*** Dataset excerpt Section Begins ***
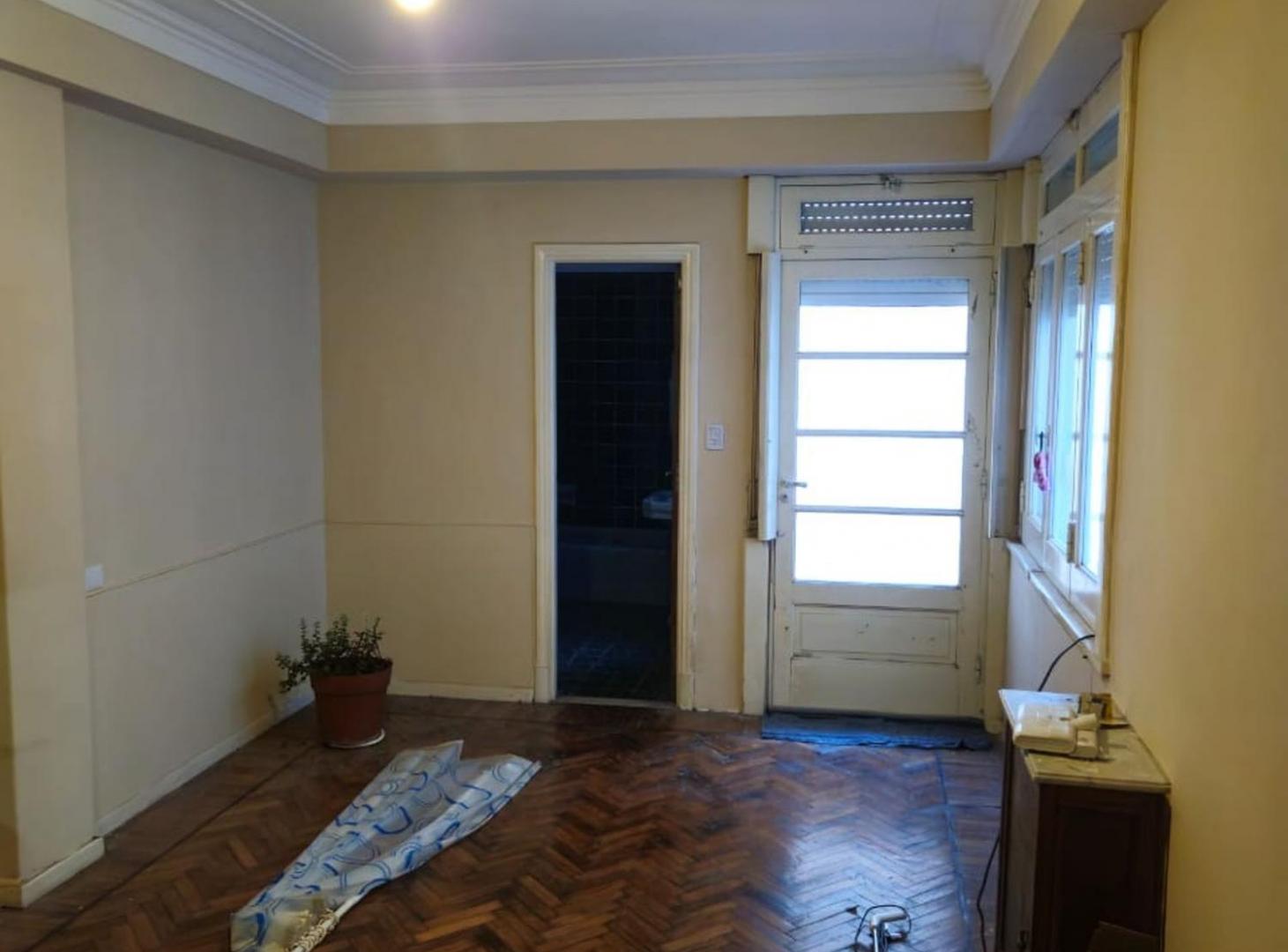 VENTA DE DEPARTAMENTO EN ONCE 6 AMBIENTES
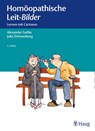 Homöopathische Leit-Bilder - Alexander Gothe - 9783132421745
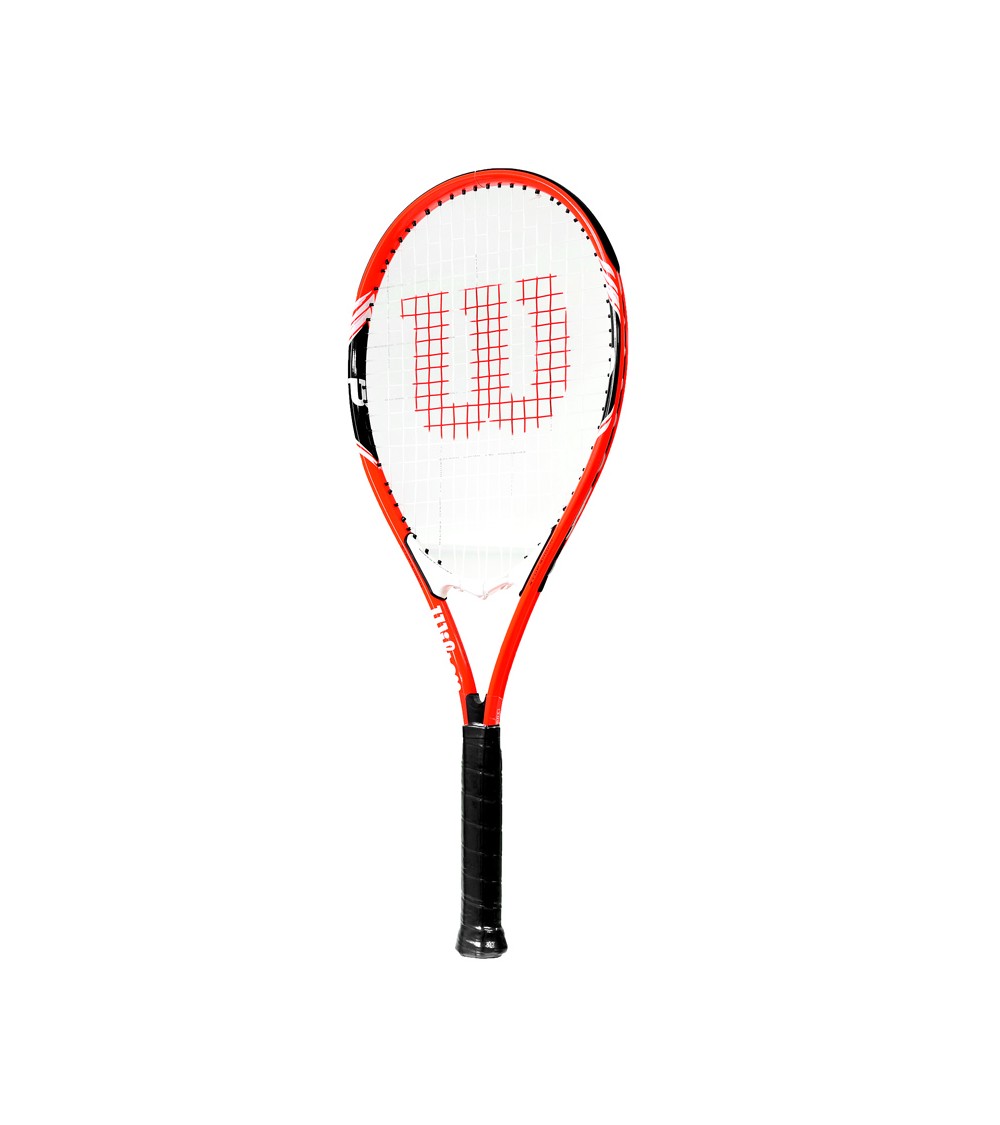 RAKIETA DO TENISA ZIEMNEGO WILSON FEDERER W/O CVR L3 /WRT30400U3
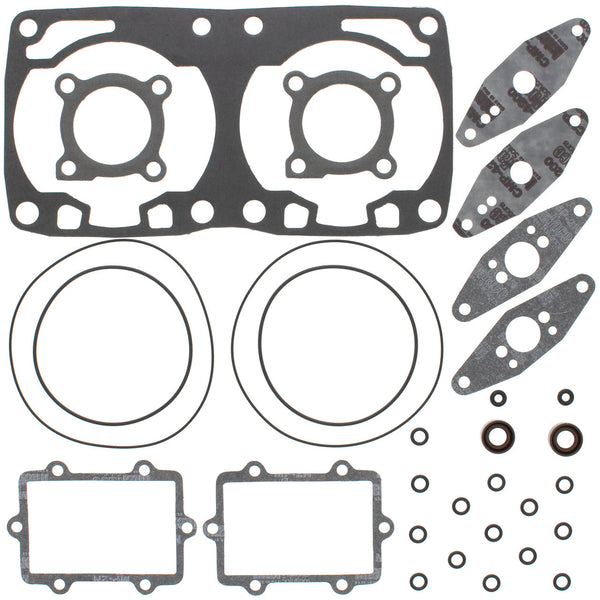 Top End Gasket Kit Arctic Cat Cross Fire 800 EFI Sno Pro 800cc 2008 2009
*** Dataset excerpt Section Ends ***
Exercise instructions
Produce the data again character for character, with the images left out.

Your response
 VENTA DE DEPARTAMENTO EN ONCE 6 AMBIENTES
 Homöopathische Leit-Bilder - Alexander Gothe - 9783132421745
 RAKIETA DO TENISA ZIEMNEGO WILSON FEDERER W/O CVR L3 /WRT30400U3
 Top End Gasket Kit Arctic Cat Cross Fire 800 EFI Sno Pro 800cc 2008 2009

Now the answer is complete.